Lovett has given a different argument to prove that the sum of Naor-Naor generators is pseudorandom for low-degree polynomials. His analysis also breaks down in two cases, but the cases are defined based on the largest Fourier coefficient of the polynomial, rather than based on its Gowers uniformity. (Thus, his analysis does not differ from the Bogdanov-Viola analysis for quadratic polynomials, because the dimension-2 Gowers uniformity measures the largest Fourier coefficient, but it differs when d\geq 3.) Lovett’s analysis only shows that X_1 +\cdots + X_{2^{d-1}} is pseudorandom for degree-d polynomials, where X_1,\ldots,X_{2^{d-1}} are 2^{d-1} independent Naor-Naor generators, compared to the d that would have sufficed in the conjectural analysis of Bogdanov and Viola.

The last word on this problem (for now) is this paper by Viola, where he shows that the sum of d independent Naor-Naor generators is indeed pseudorandom for degree-d polynomials.

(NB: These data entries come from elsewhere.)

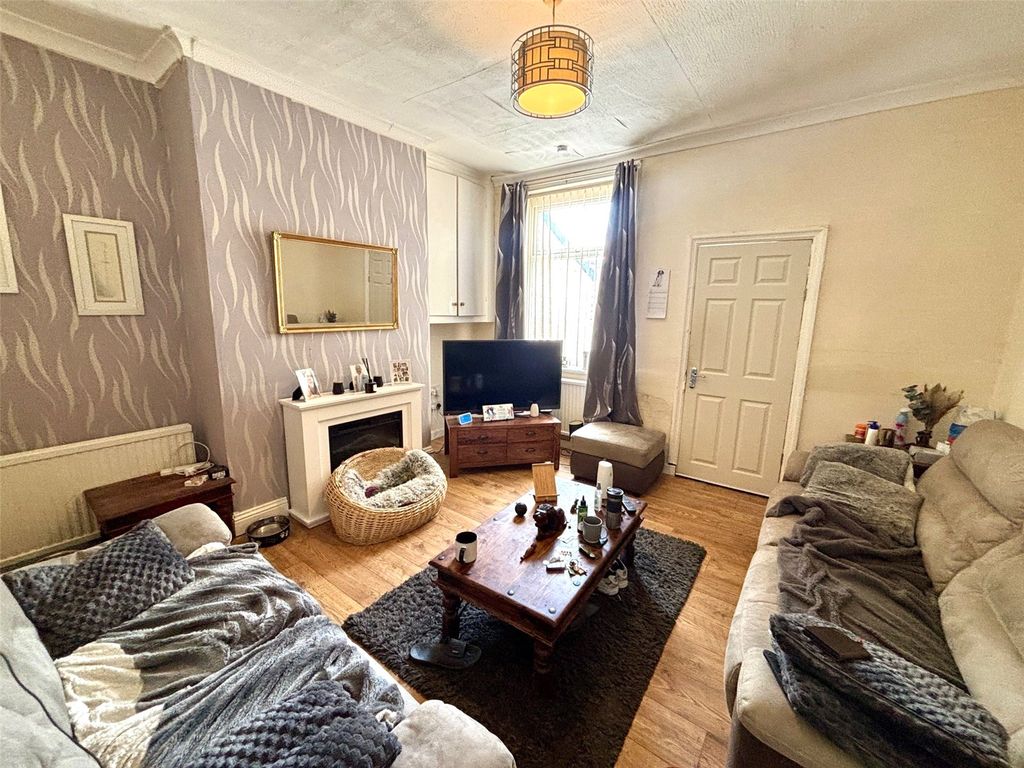 Property photo 3 of 10 Picture No. 09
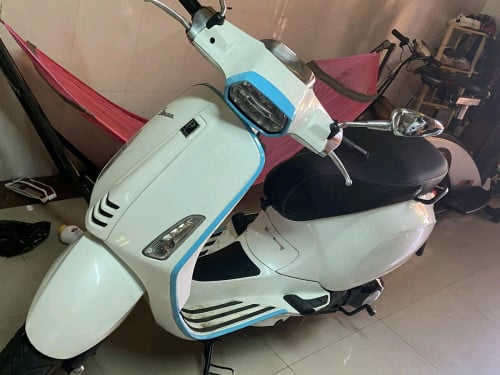 Vespa spring អត់អាវ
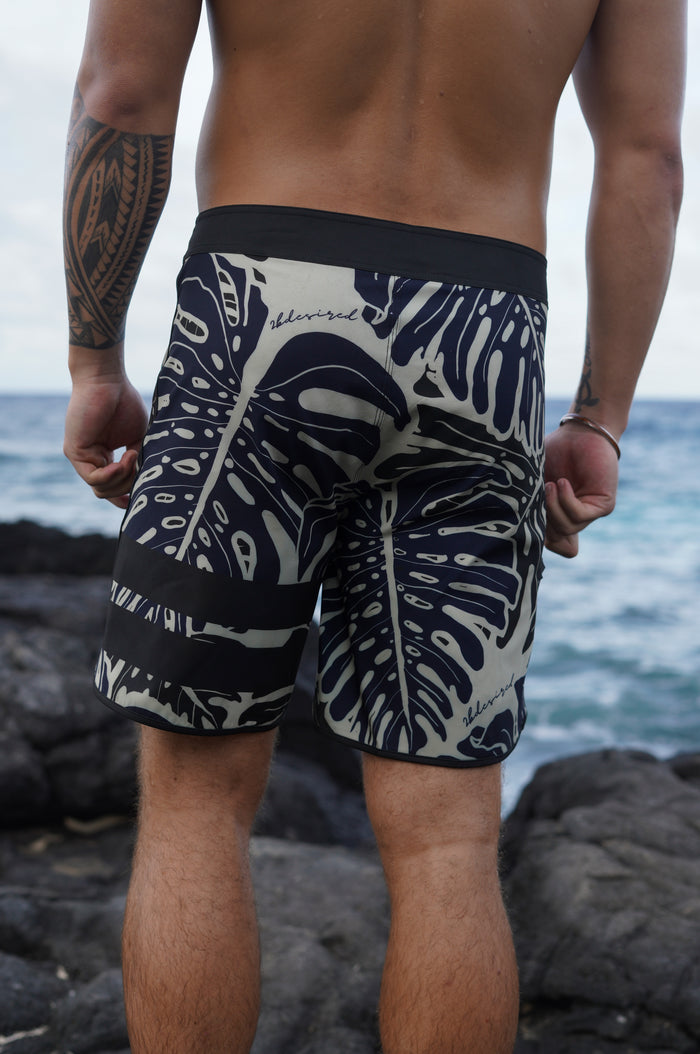 Kamekona Kane Shorts (Short Length)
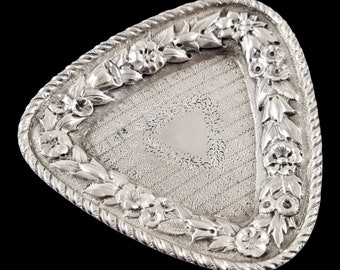 Plato eduardiano de alfiler triangular de plata de ley con flores en relieve, Deakin & Francis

Again, there is a case analysis, but this time the cases depend on whether or not Pr [p(U)=1] \approx \frac 12.

If p(U) is noticeably biased (this corresponds to a small k in the quadratic model case), then it follows from the previous Bogdanov-Viola analysis that a distribution that is pseudorandom against degree d-1 polynomials will also be pseudorandom against p.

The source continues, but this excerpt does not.